### Try it
Using the listing below, please print exactly the lines from the one with "Vintage ladies road" through the one with "Donna con zaino". Leave out every picture.

### Excerpted records

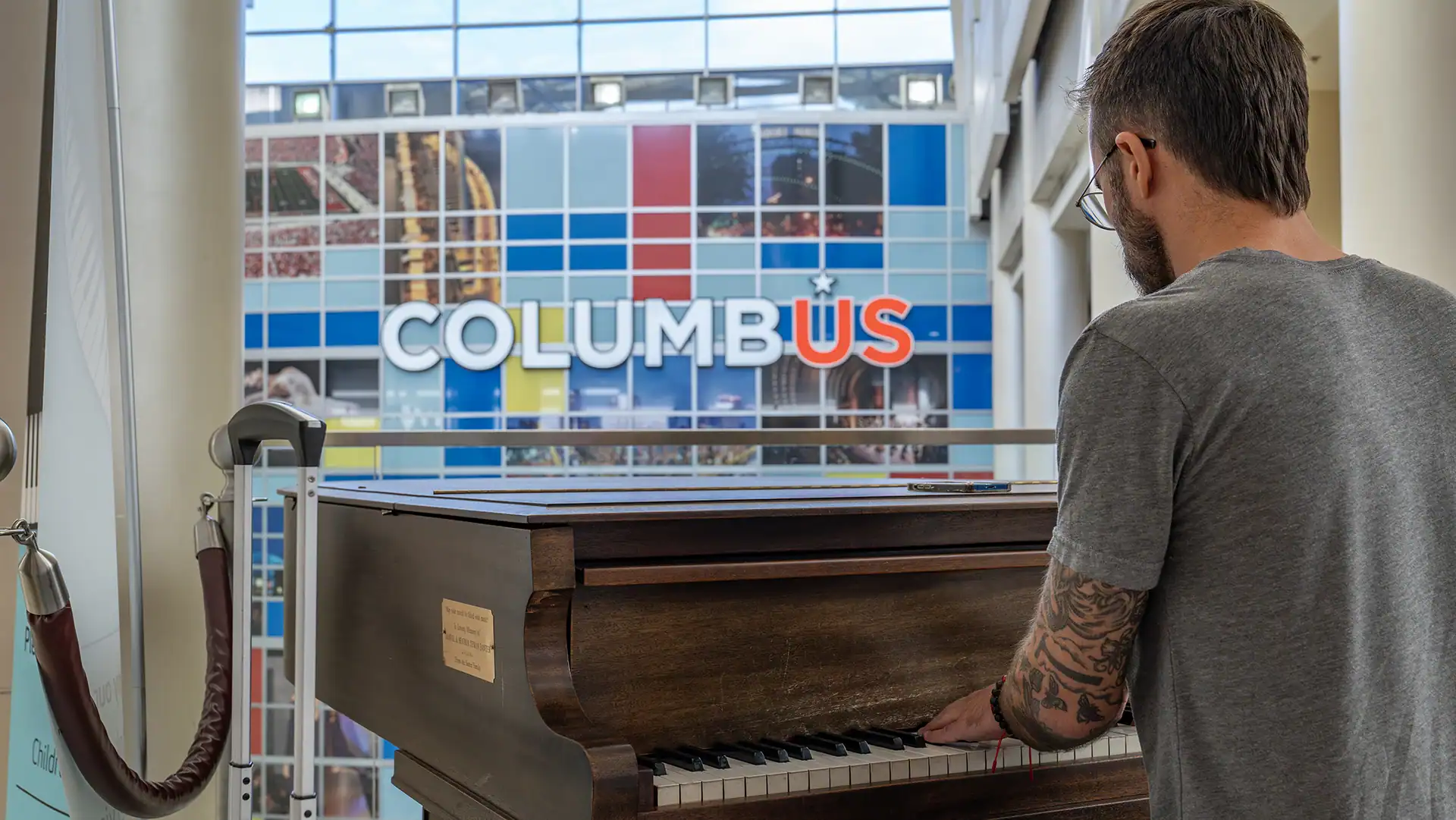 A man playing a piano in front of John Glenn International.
--
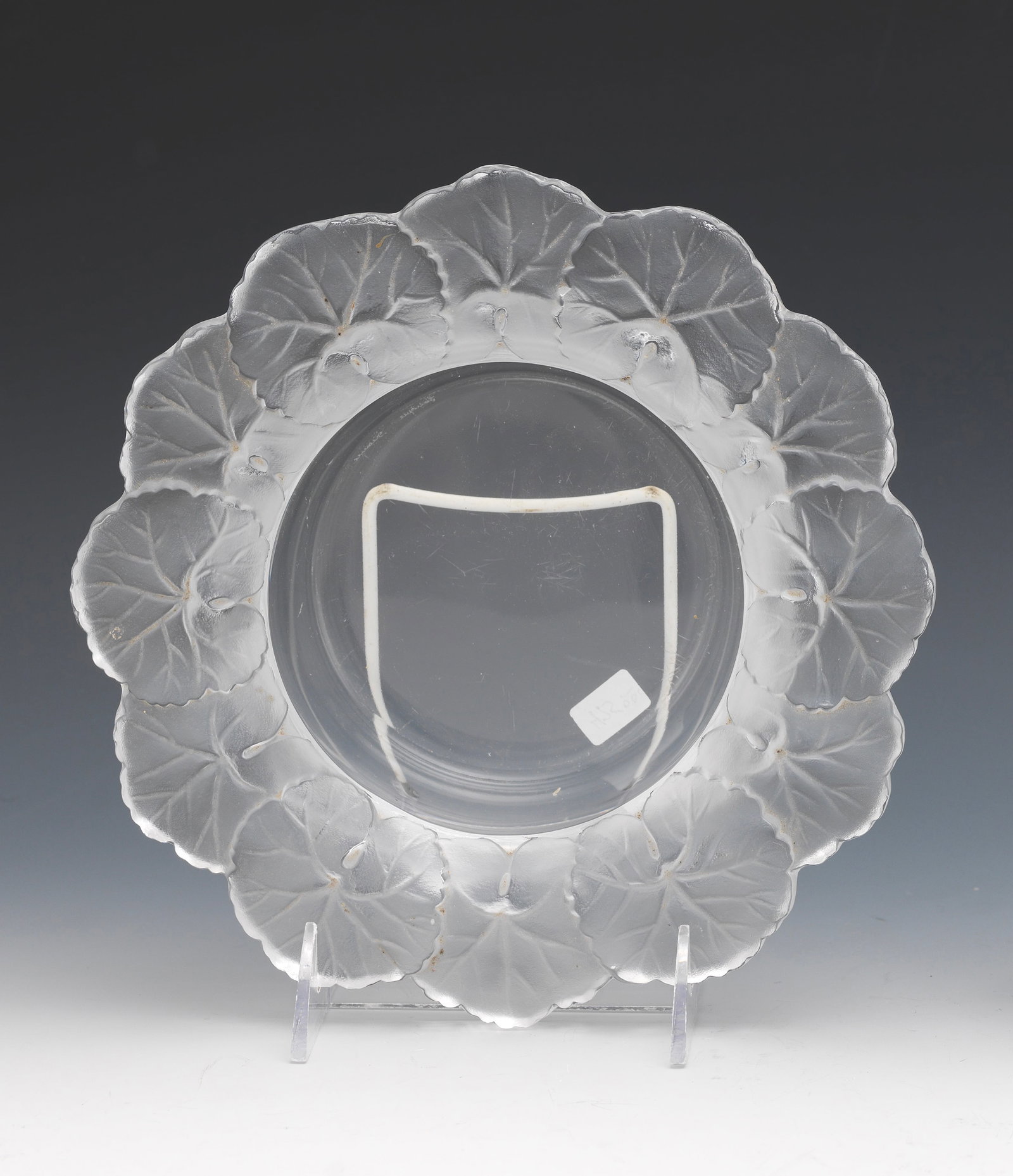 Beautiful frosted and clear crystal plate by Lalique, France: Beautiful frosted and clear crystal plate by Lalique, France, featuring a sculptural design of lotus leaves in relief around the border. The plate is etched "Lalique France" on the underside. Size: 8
...
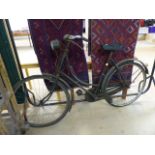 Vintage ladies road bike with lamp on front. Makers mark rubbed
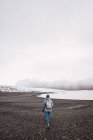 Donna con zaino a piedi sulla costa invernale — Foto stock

### Expected answer
 Vintage ladies road bike with lamp on front. Makers mark rubbed
 Donna con zaino a piedi sulla costa invernale — Foto stock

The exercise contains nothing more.